92. — DU COMTE DE BUSSY RABUTIN À MADAME DE SÉVIGNÉ.

Le même jour que j’eus reçu cette lettre, j’y fis cette réponse.

À Chaseu, ce 12e janvier 1669[1].

Je vous fais justice comme vous me la faites, ma belle cousine. Je vous ai écrit, et vous n’avez pas reçu ma lettre : tout cela est vrai.

Au reste, je vous suis fort obligé de l’inquiétude que vous avez eue de m’avoir tué sans y songer, et je vous apprends que vous êtes plus adroite que vous ne pensez. Quand vous m’eûtes donné la vie, vous baissâtes la pointe de votre épée, et je me relevai le plus content du monde de votre générosité. Ce n’est pas que s’il en fut arrivé autrement, j’eusse été le premier que vous eussiez fait mourir sans dessein. Quoique vous vous serviez encore moins de vos yeux que de votre épée, il y a des gens si maladroits qu’ils se sont enferrés d’eux-mêmes, et nous en savons à qui vous avez percé le cœur, sans songer quasi qu’ils fussent au monde.

Mais ne vous lasserez-vous jamais de me parler de ce que j’ai fait contre vous ? Croyez-vous qu’il me soit fort agréable de me ressouvenir d’un si vilain endroit de ma vie ? Non assurément, ma chère cousine ; mais il m’est encore bien plus rude de voir que vous vous en ressouveniez si souvent.

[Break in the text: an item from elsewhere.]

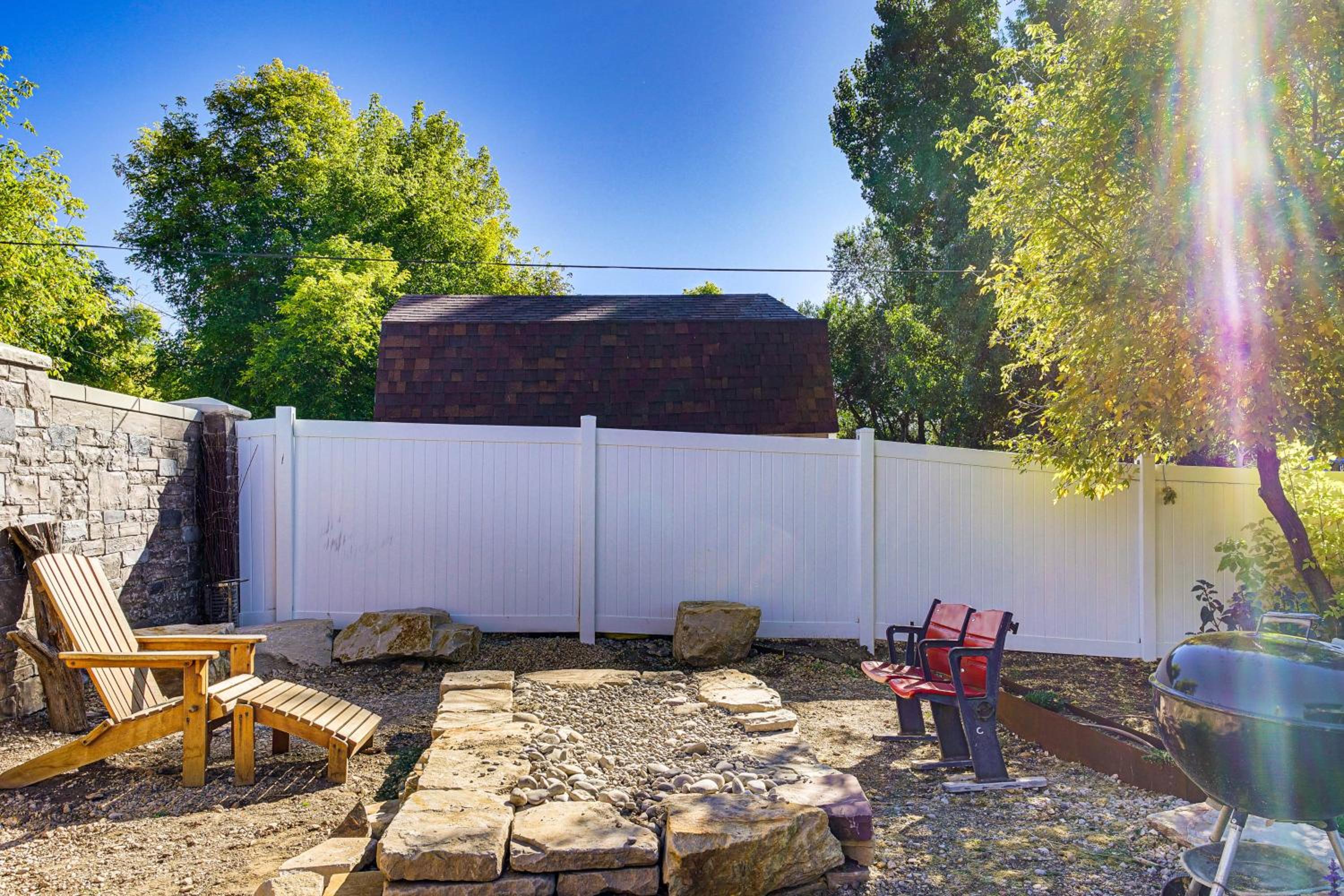 17 Mi to Sundance Mtn Home with Shared Yard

Pour vous répondre sur les souscriptions de vos portraits, je vous dirai, avec ma sincérité ordinaire, qu’il y a eu un temps où je n’eusse cru parler qu’en contre-vérité

  1. Lettre 92. — i. Cette lettre est datée dans les deux manuscrits du 12 janvier, et non du 22 comme dans l’édition de 1697 et dans toutes les impressions antérieures à la nôtre. Les mots écrits en tête par Bussy confirment la date du 12.